# [Your instructions]
Unless it is a picture, every line from the start of the entries through the line with "Cadillac Escalade 6.2" must be retyped exactly.

# [Material for this exercise]

-- Opening Marker --

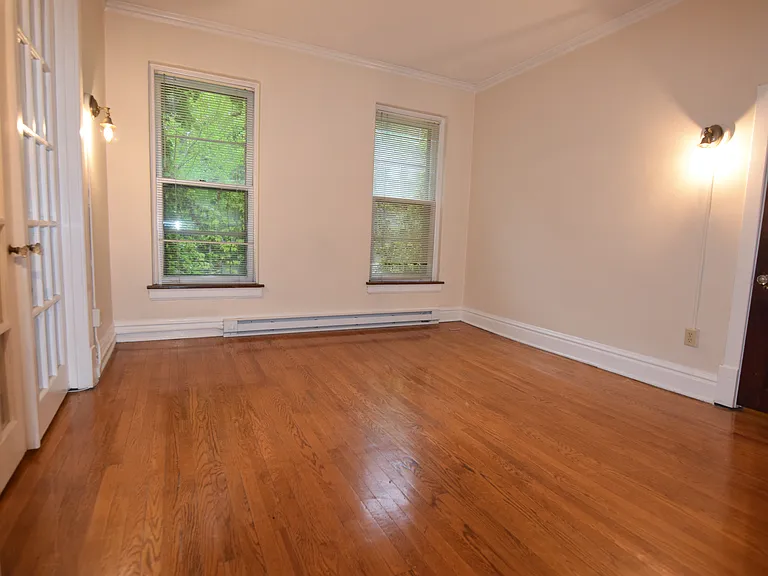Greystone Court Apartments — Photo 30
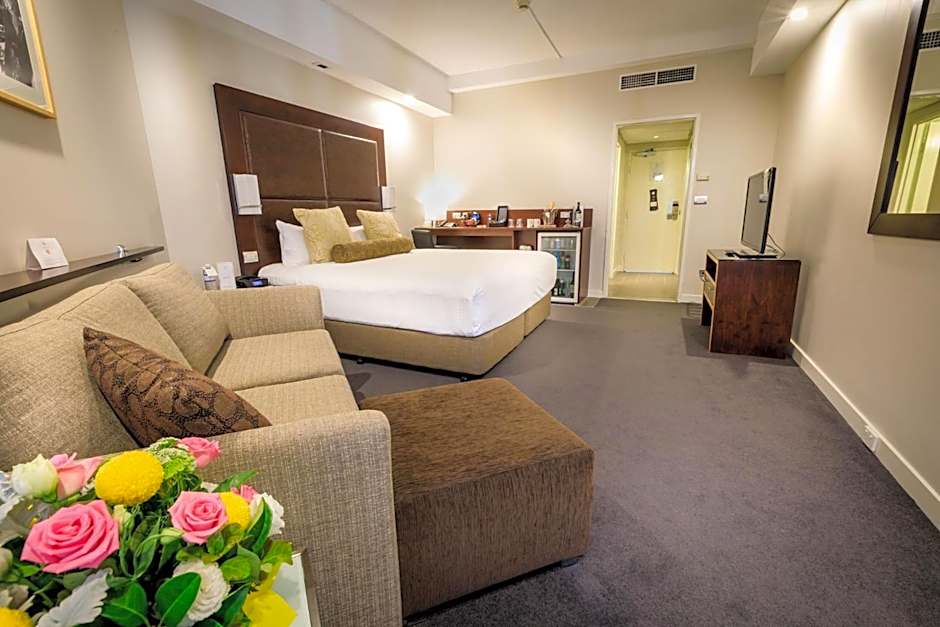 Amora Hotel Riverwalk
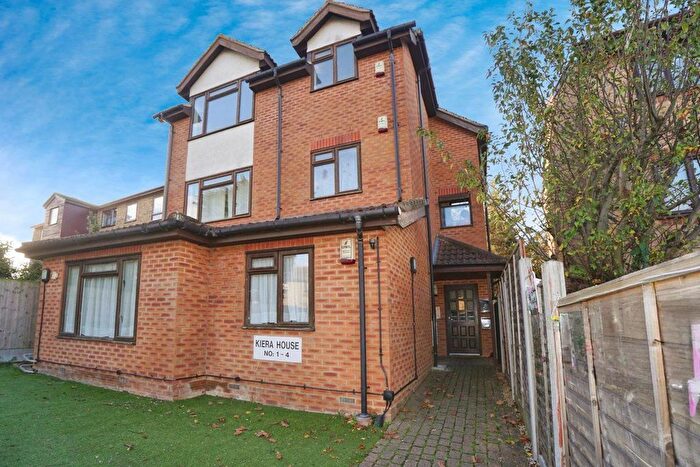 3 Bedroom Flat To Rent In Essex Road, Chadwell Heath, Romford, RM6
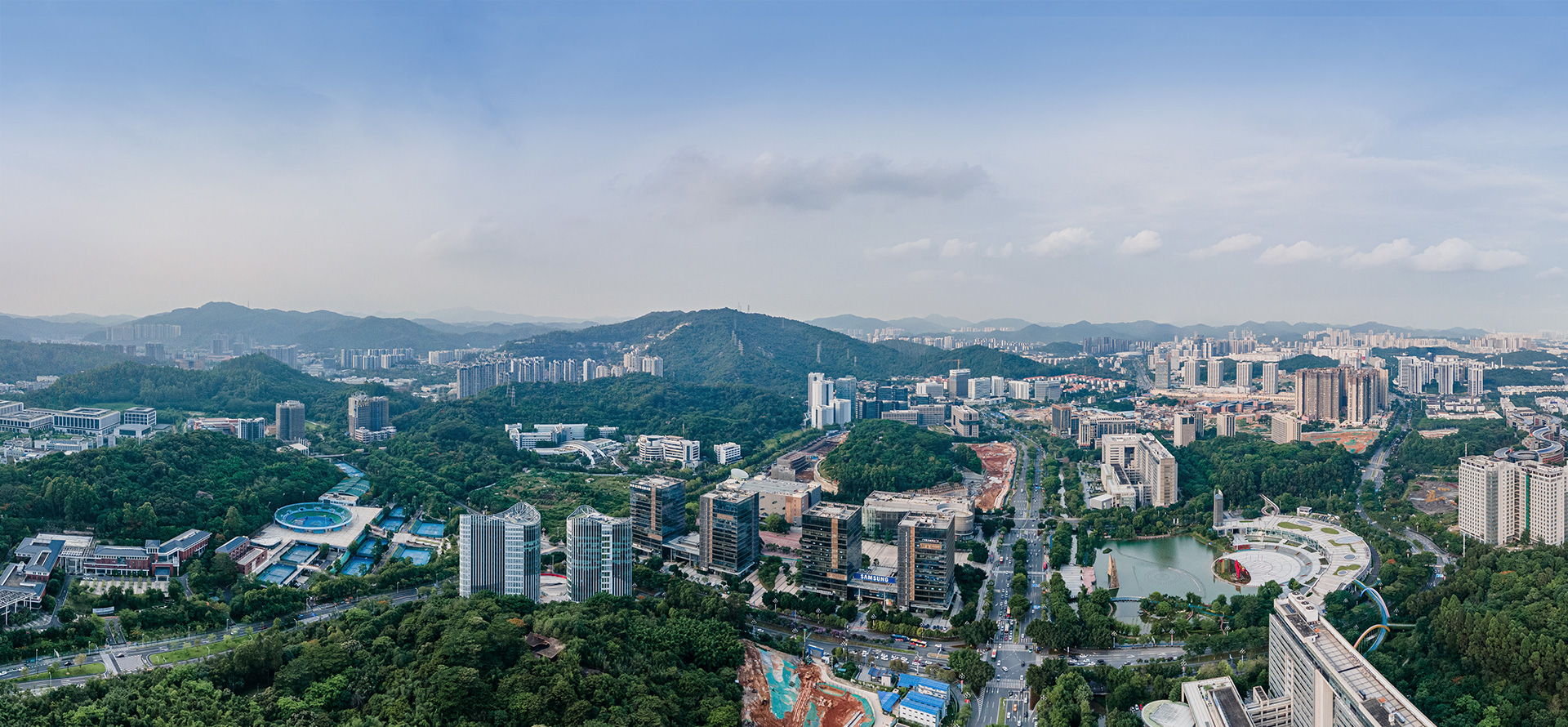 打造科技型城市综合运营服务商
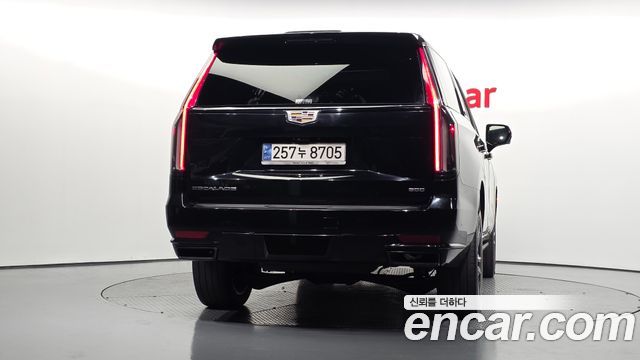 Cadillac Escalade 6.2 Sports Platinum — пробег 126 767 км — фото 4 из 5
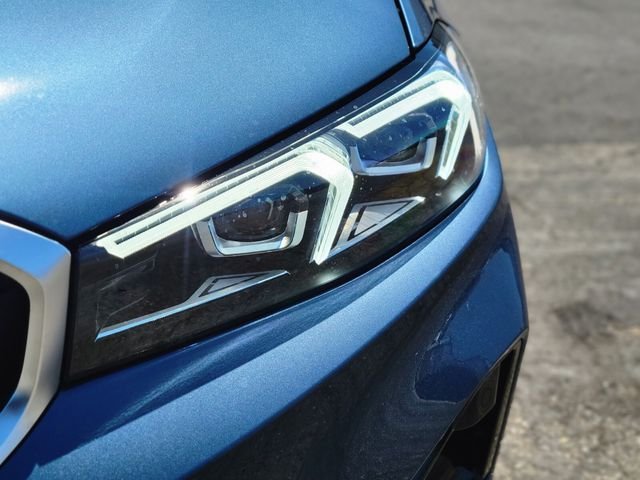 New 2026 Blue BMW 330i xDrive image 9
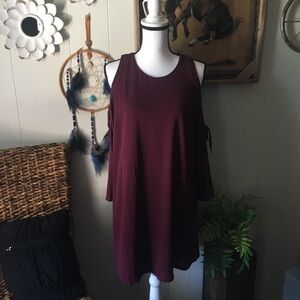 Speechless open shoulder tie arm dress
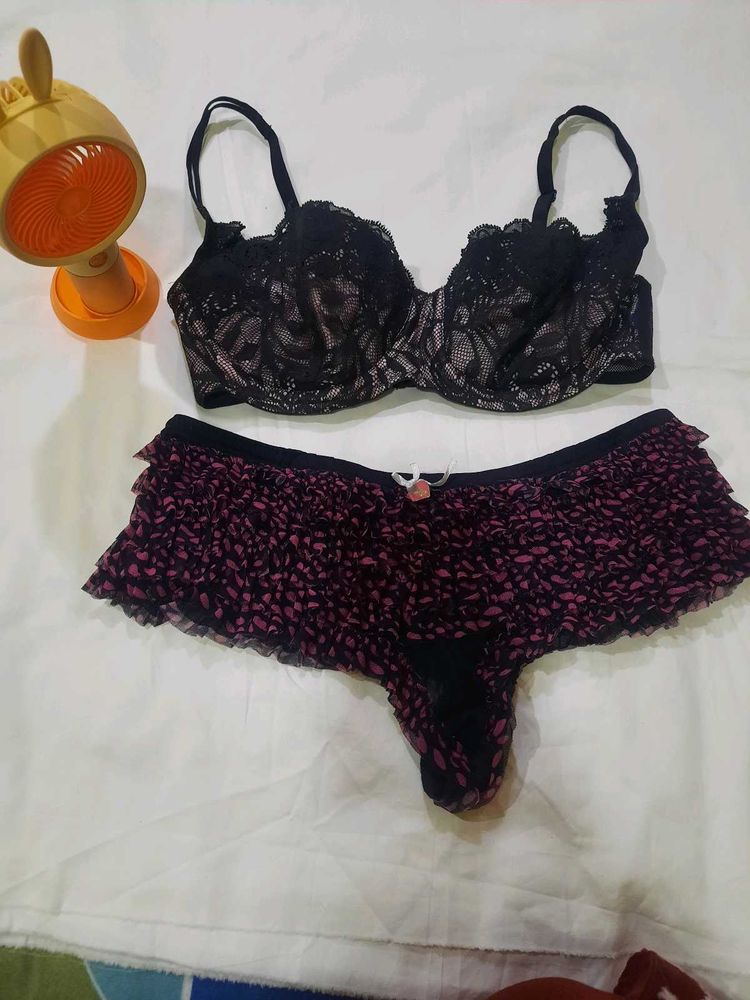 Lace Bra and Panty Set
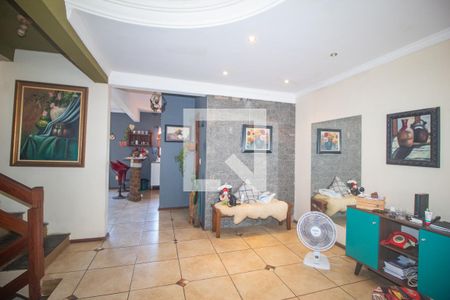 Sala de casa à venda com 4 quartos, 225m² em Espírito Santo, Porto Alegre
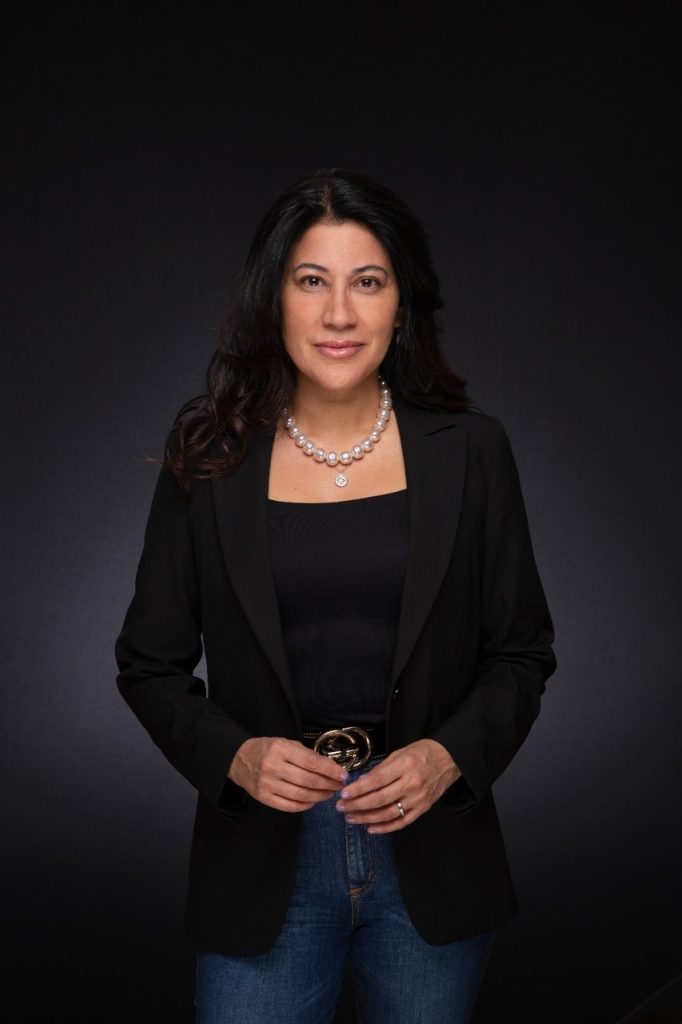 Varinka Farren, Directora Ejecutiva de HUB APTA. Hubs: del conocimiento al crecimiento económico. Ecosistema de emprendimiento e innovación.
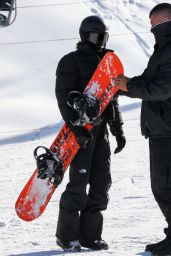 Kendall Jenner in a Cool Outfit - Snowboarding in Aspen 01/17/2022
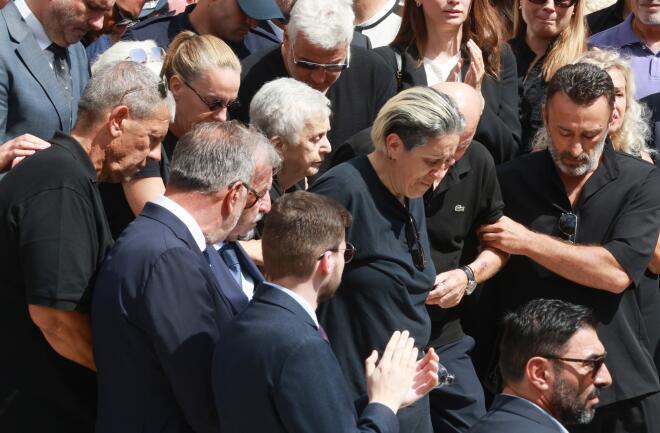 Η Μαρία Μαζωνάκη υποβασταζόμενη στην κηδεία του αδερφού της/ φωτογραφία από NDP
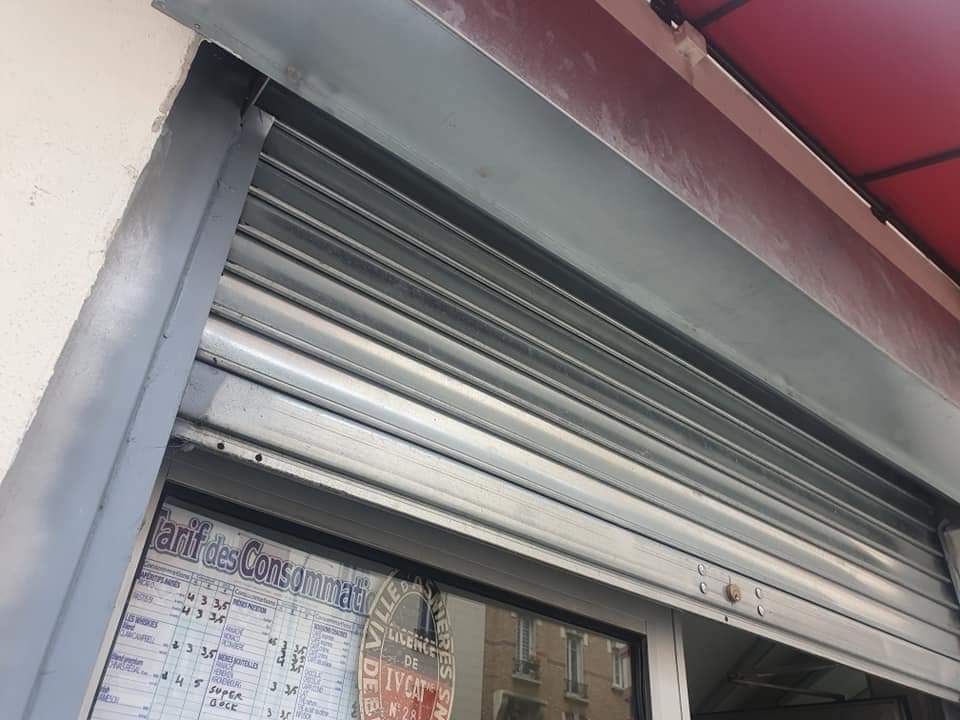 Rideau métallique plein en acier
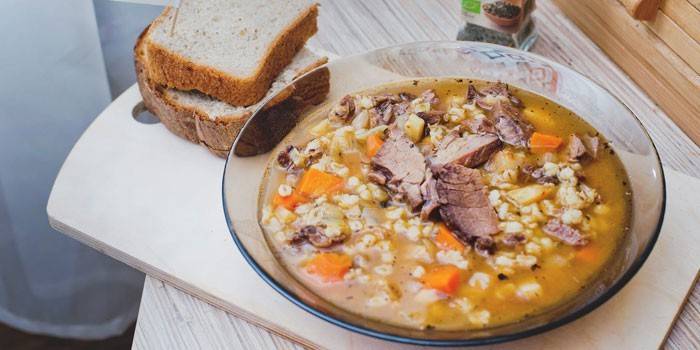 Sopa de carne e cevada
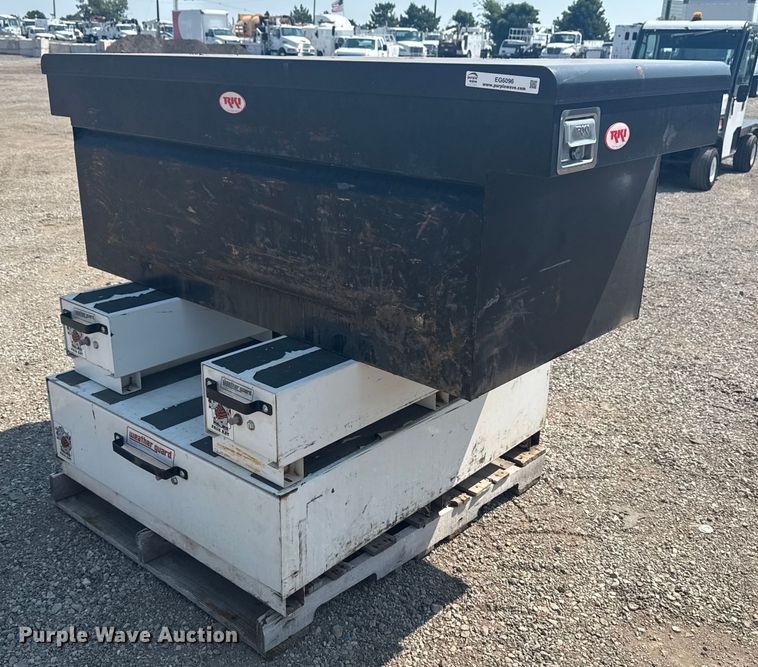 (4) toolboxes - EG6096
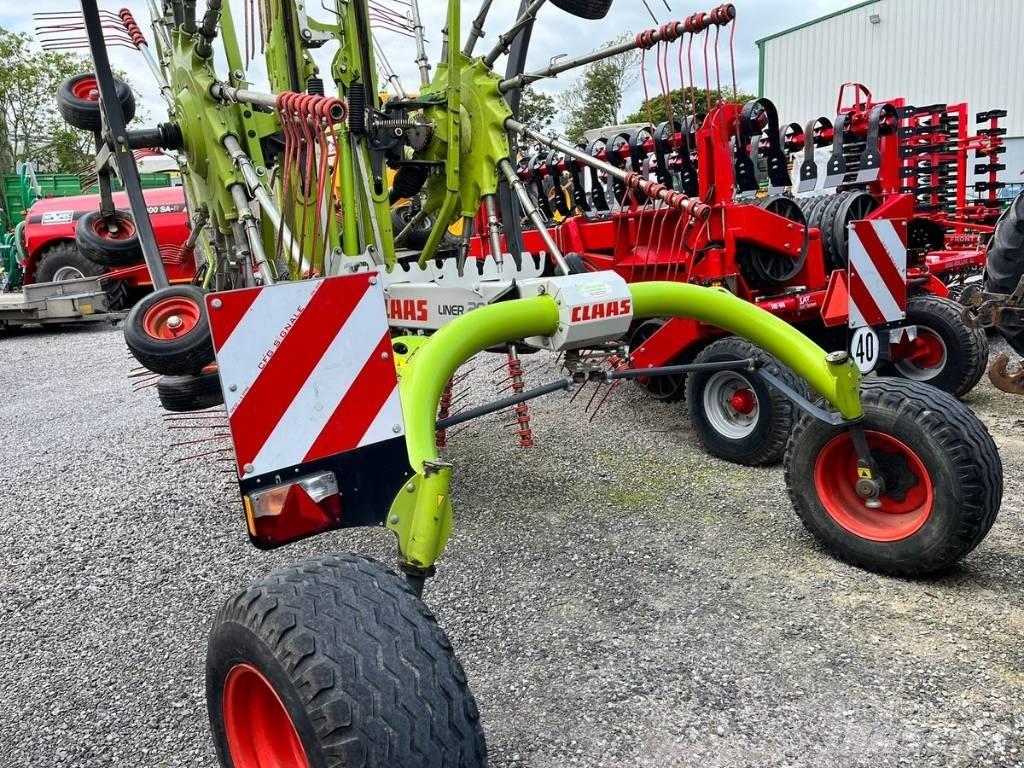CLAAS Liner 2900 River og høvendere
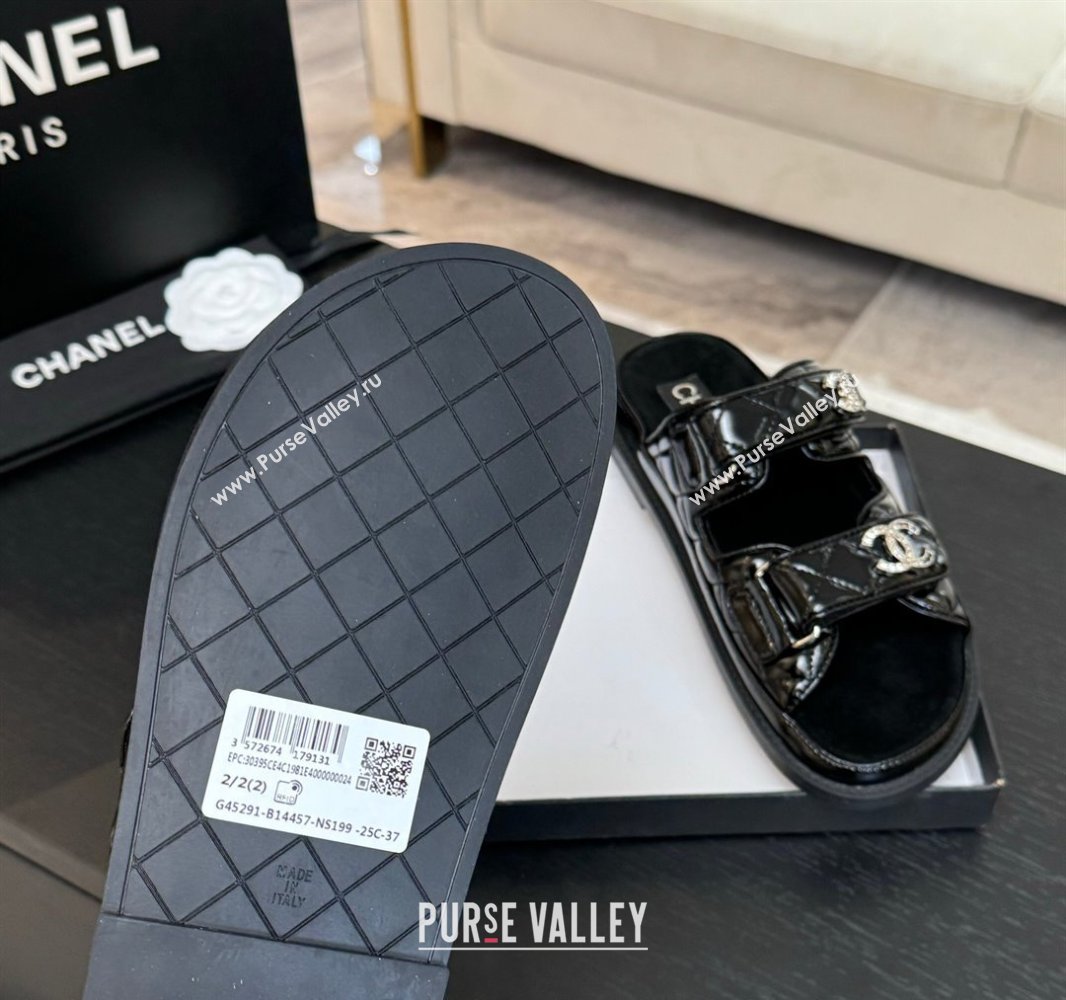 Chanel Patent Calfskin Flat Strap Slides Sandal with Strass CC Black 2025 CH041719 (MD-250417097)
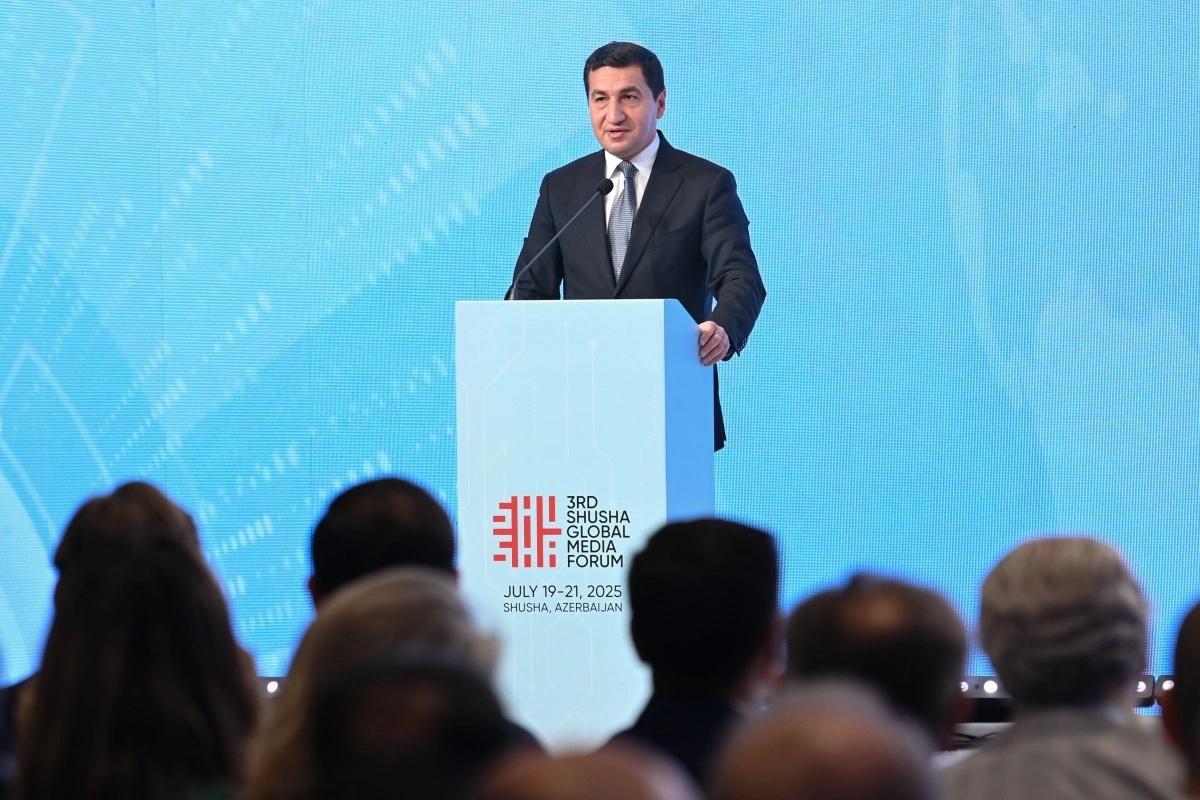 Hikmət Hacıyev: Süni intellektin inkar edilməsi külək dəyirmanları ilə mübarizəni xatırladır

-- Closing Marker --

# [Written response]
Greystone Court Apartments — Photo 30
 Amora Hotel Riverwalk
 3 Bedroom Flat To Rent In Essex Road, Chadwell Heath, Romford, RM6
 打造科技型城市综合运营服务商
 Cadillac Escalade 6.2 Sports Platinum — пробег 126 767 км — фото 4 из 5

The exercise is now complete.